Computer determination and comparison of volume of clay derived from petrophysical and laboratory analysis

Volume of clay (Vcl) is the most critical parameter to determine in shaly sand analysis. Yet in many areas it is very difficult to determine volume of clay accurately. An overestimation of clay volume can result in effective water saturations (Swe) that are too low, thus making the reservoir look productive. Under-estimation of clay volume can result in effective water saturations that are too high, which can result in the bypassing of a productive zone. The underestimation and overestimation of volume of clay will also effect the calculation of effective porosities used to determine both effective water saturations and net pay.

The FORTRAN program SHALE is designed to calculate volume of clay from 14 different petrophysical methods using up to 7 petrophysical logs. In the program, corrections are made for lithology, pressure, mud weight, borehole variations, and bed thickness. In addition, corrections can be made to convert old gamma ray logs to the corresponding API scale. Laboratory determined volumes of clay can be input into the program and each petrophysical volume of clay raethod can be statistically compared so that the user can select the petrophysical volume of clay method that best estimates the true volume of clay. Using the most accurate petrophysical method chosen, SHALE will then derive a linear transform equation that can be used to correct petrophysically derived volumes of clay.
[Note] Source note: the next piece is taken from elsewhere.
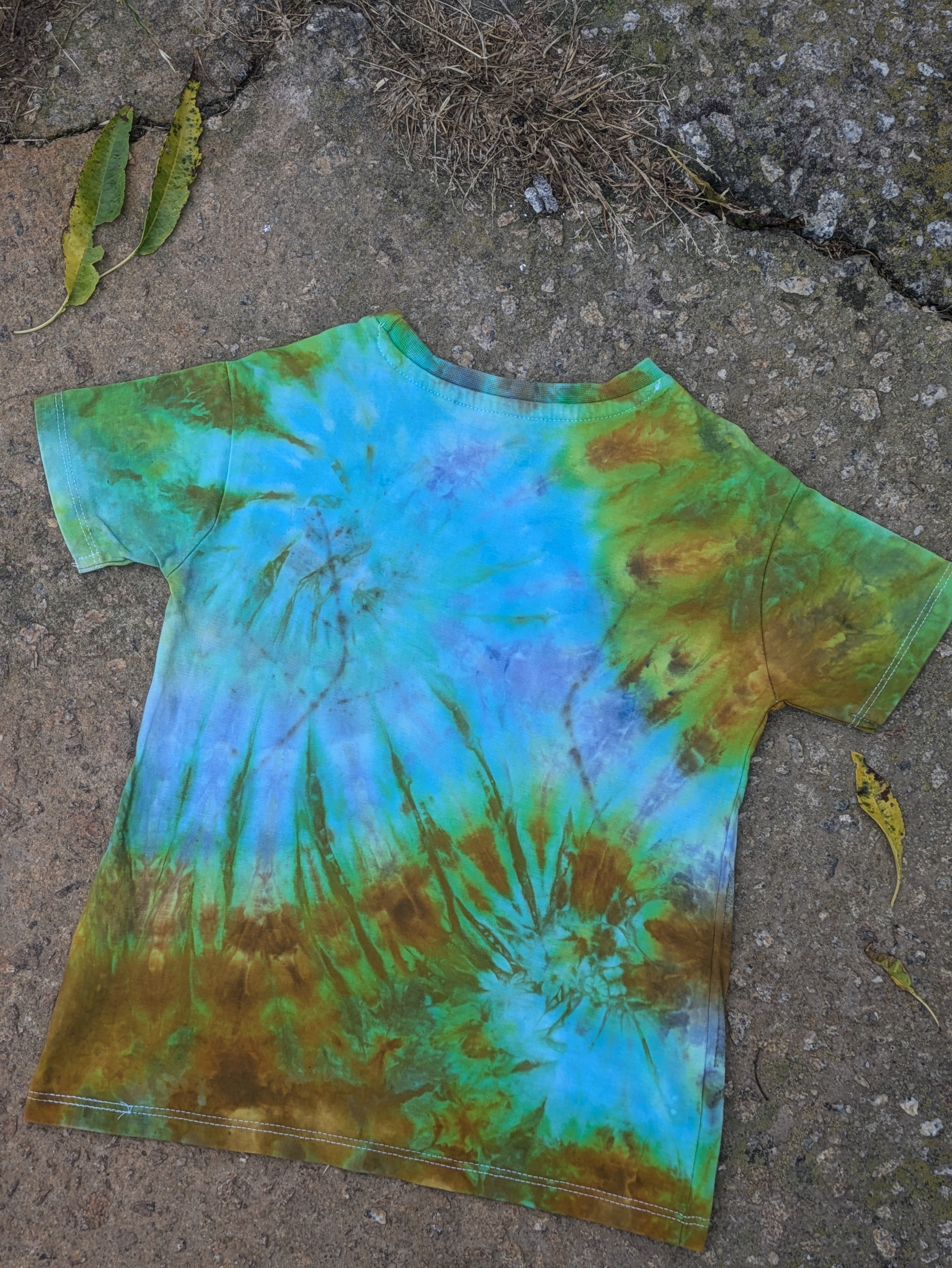 Kids Tie-Dyed & Leaf Printed T-shirt #6 ( Age 4)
Laboratory determined volume of clay data from 7 samples from a lower Miocene deltaic sand in the Malay basin indicates that the gamma ray unconsolidated method was the most accurate in determining volume of clay. Laboratory determined volume of clay from 30 samples from the Cretaceous Olmos shelf sands in Webb County, Texas indicates that the gamma ray unconsolidated method was the most accurate in calculating volume of clay. However, in both the lower Miocene and Olmos sands, all petrophysical methods overestimated the volume of clay and required transforms to better estimate the volume of clay. The overestimation of volume of clay in both the lower Miocene and Cretaceous Olmos sands indicates that it is critical to calibrate petrophysically derived clay volumes to laboratory analysis.